I believe that there exists a problem, i believe that something or someone is shielding hardware away from programmers and as a result we see poor performance out of otherwise superior systems. Case and point, lets talk games, how come is it that the same game looks better on my console (i have a PS3, we can talk xbox 360 as well) then it does on my desktop?

 

Technicallity of this:

 

Specs:

PS3:

256MB GDDR3 RAM (~25.6 GB/s)

256MB VRAM

3.2GHz PPC core + 7 3.2GHZ SPEs (total performance 230.4 GFLOPS)

GPU specs kind of unknown, somewhere around a GTX7800

 

eggs box 360:

512MB GDDR3 RAM (shared with video) (@700MHz ~22GB/s)

3.2GHZ 3 PPC cores Hyperthreaded (total performance 96GFLOPS)

10MB eDRAM (~256GB/s)

64 Shader processor ATI Xenos GPU

 

PC:

9GB GDDR3 RAM @ 1066MHz (~25.6GB/s)

1.5GB GDDR5 VRAM

3.2GHz 4 core hyperthreaded CPU (total performance 102.4GFLOPS)

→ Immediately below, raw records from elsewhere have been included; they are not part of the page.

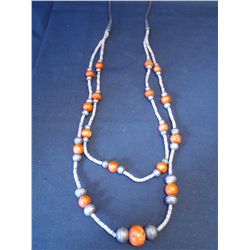 Heishi and Coral Bead Necklace.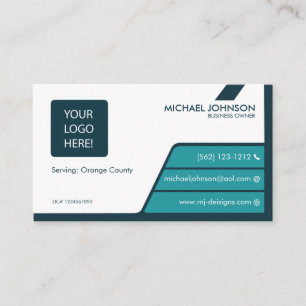 Professional Teal Blue & Dark Green Business Cards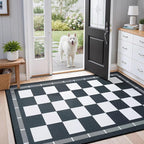Vasofe Plaid 3x5 Outdoor Patio Rug,Checkered Jute Entryway Rugs, Washable Black and White Indoor Bedroom, Farmhouse Neutral Front Door Mat,Modern Carpet for Porch Patio Balcony Kitchen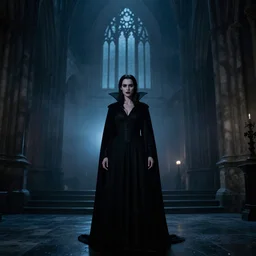jennifer connelly as a vampire in a gothic cathedral at night, gloomy, cinematic, ground mist, volumetric light.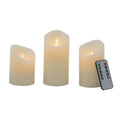 Set of 3 Flickering Ivory LED Candles with Remote Timer, L:D3X6' M:D3X5' S:D3X4'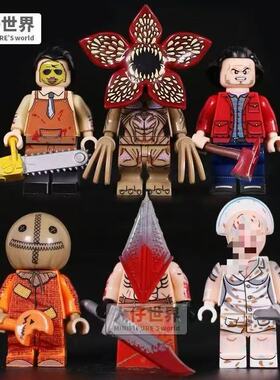 乐玩具高生化危机万圣僵尸丧尸怪物三角头斧头杰克食人花人仔积木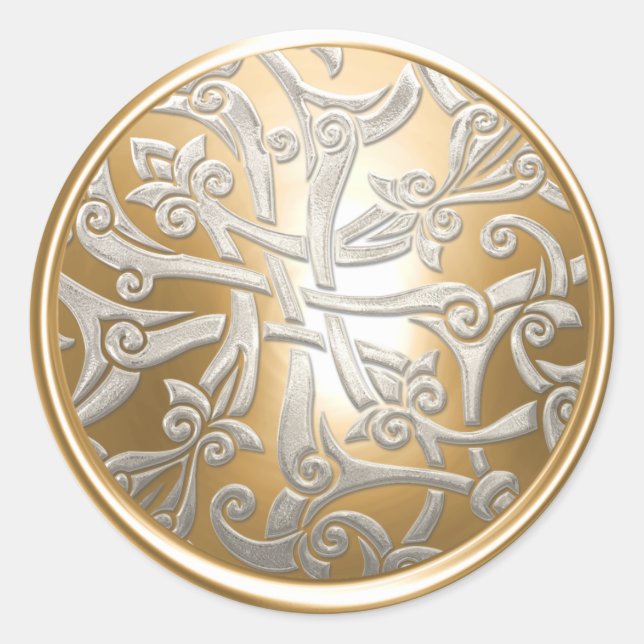 Adesivo Redondo Selo de Envelope Celta Dourado e Silver (Frente)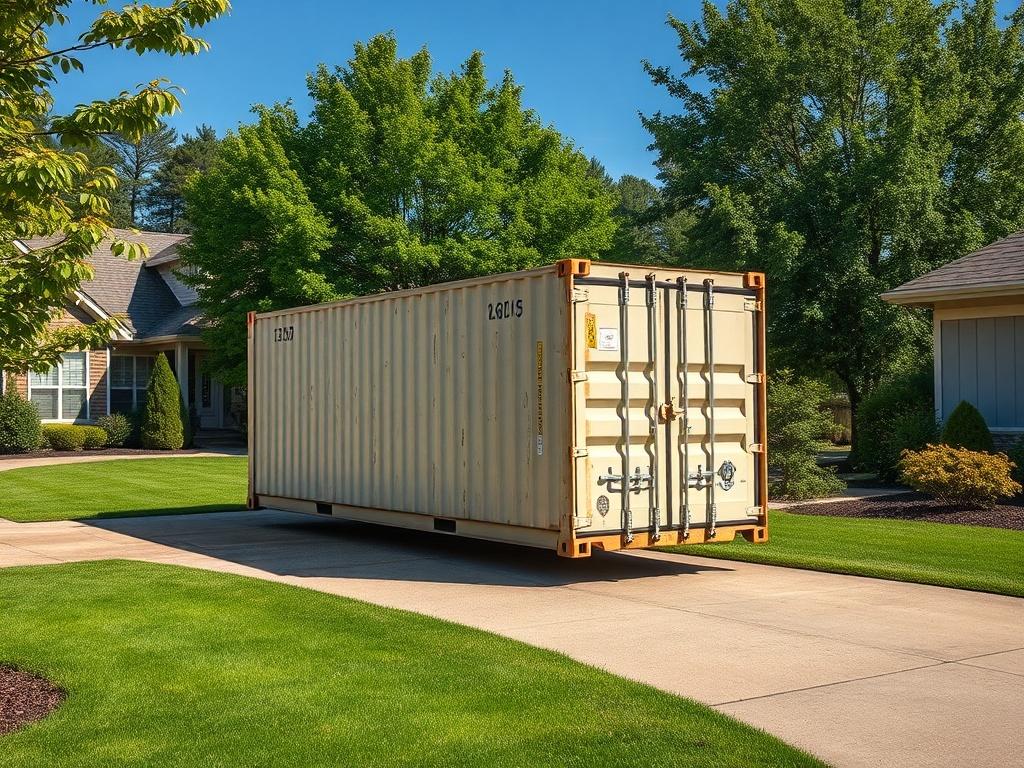 A high-resolution image of a 10-yard container parked in a suburban driveway, surrounded by lush greenery and a well-maintained lawn, with a clear blue sky in the background. The container should be the focal point, showcasing its size and purpose, with a rustic aesthetic reflecting natural tones.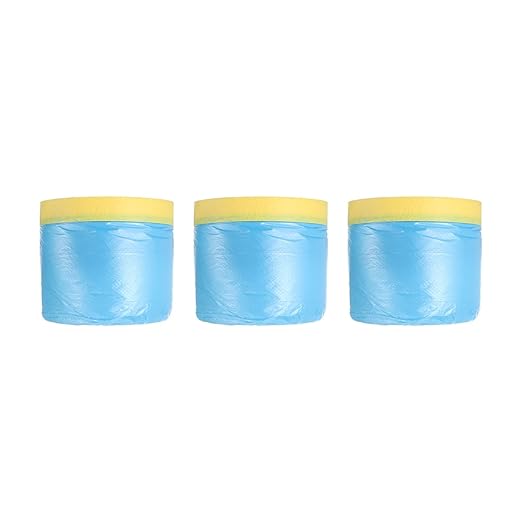 uxcell Pre-Taped Masking Film, 1.8ft x 82ft Plastic Paint Drop Cloth with Medium-Tack Painters Tape for Painting Spraying Protection Blue Film 3Pcs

512 Shader processors (580GTX)

 

So from what we can see, sheer cpu crunching power goes to the PS3, ok fine, whatever, but Graphics, graphics performance goes to the PC, and it is 8 times more powerful in that respect to the PS3 and the Xbox, more if you account for concurrency of operations. With that in mind, where, where does that performance go if my PS3 and 360 kill it in any gaming performance test? I'll tell you where the ticks are lost, between the OS and DX10/11 or OpenGL, that's where. We are running over the drivers that translate framework instructions into GPU code, framework for itself translates your instructions into its set of code, and as a result my games look worse on my PC which by all marks should outperform the 360 and even the PS3 in terms or graphics, and yet i am left on par or behind...?

 

Anyways, lets talk CUDA or OpenCL or any other suggestions i am open to. Lets try to unravel why superior is inferior here :)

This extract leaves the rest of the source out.